§ Work to complete
For every line below, restate it exactly and drop the images.

§ Supplied material
☆ ☆ ☆

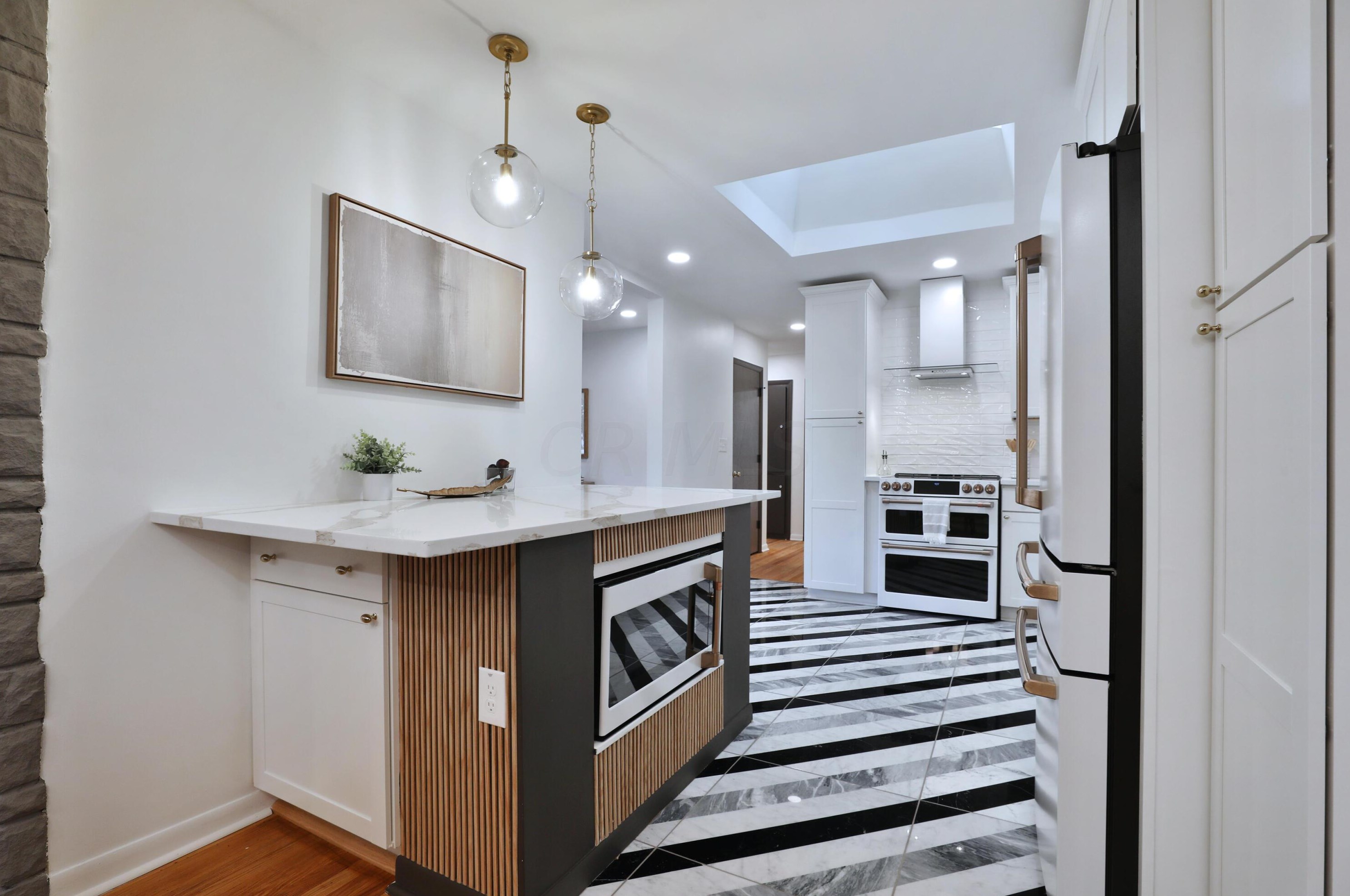 2277 Nayland Rd, Columbus OH  43220-4654 exterior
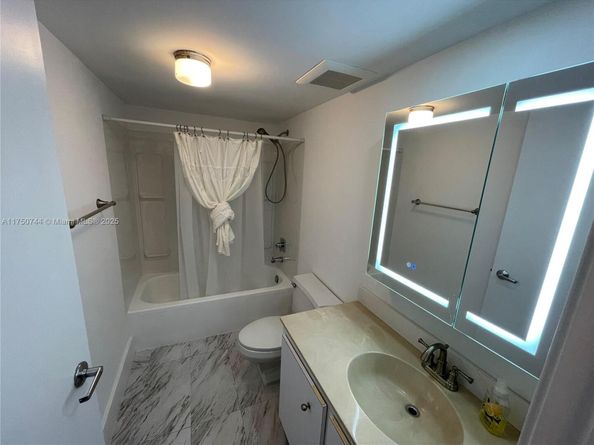 210 174th St 305, Sunny Isles Beach FL 33160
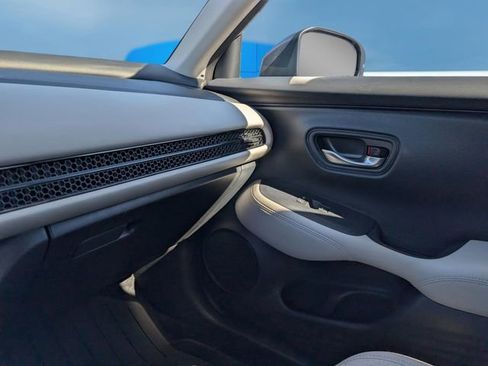 Used 2025 Honda HR-V LX image 24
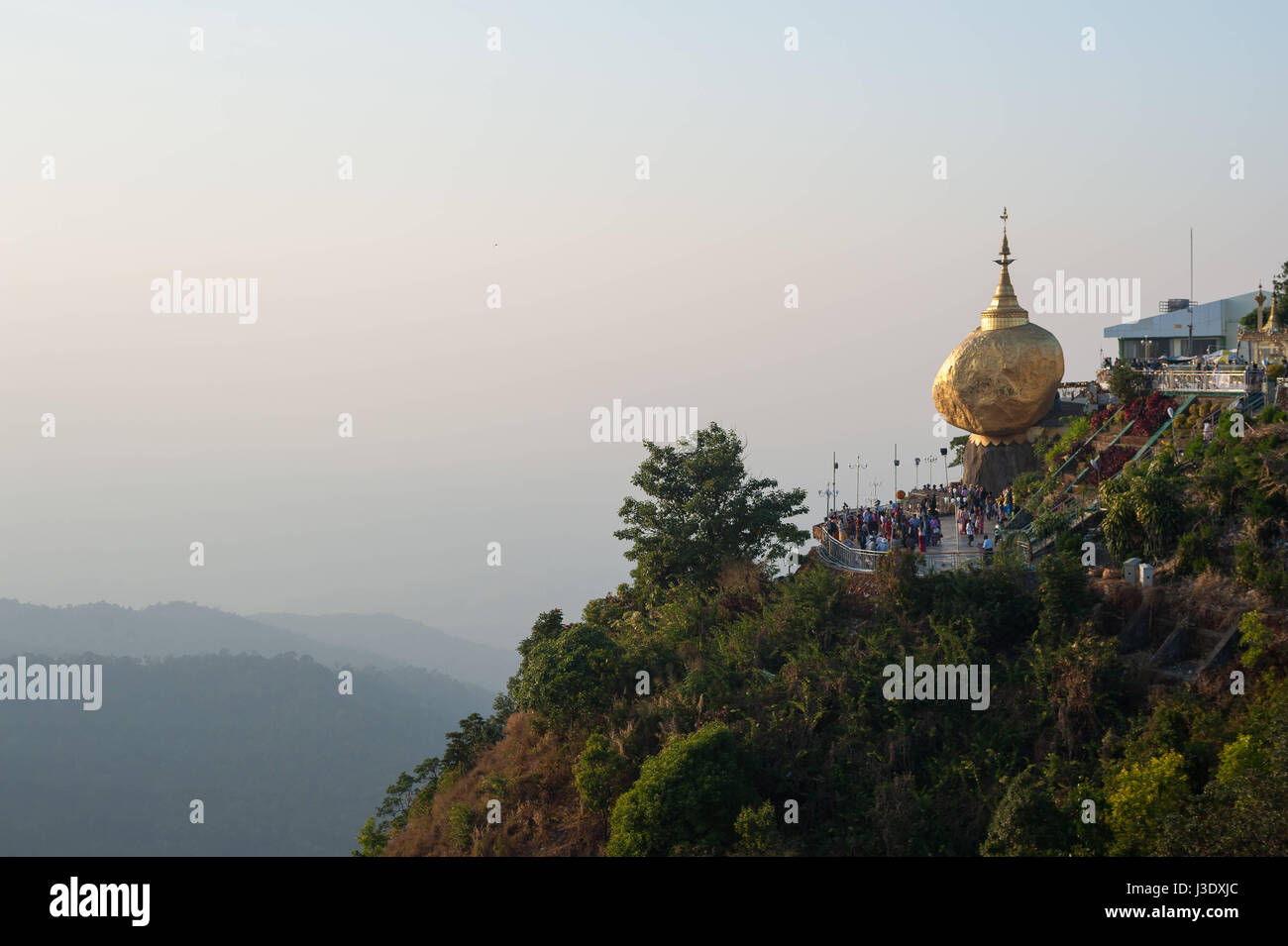 Kyaikto, Republik der Union von Myanmar, Asien, Golden Rock mit der Kyaiktiyo-Pagode Stockfoto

☆ ☆ ☆

§ Solution for this exercise
 2277 Nayland Rd, Columbus OH  43220-4654 exterior
 210 174th St 305, Sunny Isles Beach FL 33160
 Used 2025 Honda HR-V LX image 24
 Kyaikto, Republik der Union von Myanmar, Asien, Golden Rock mit der Kyaiktiyo-Pagode Stockfoto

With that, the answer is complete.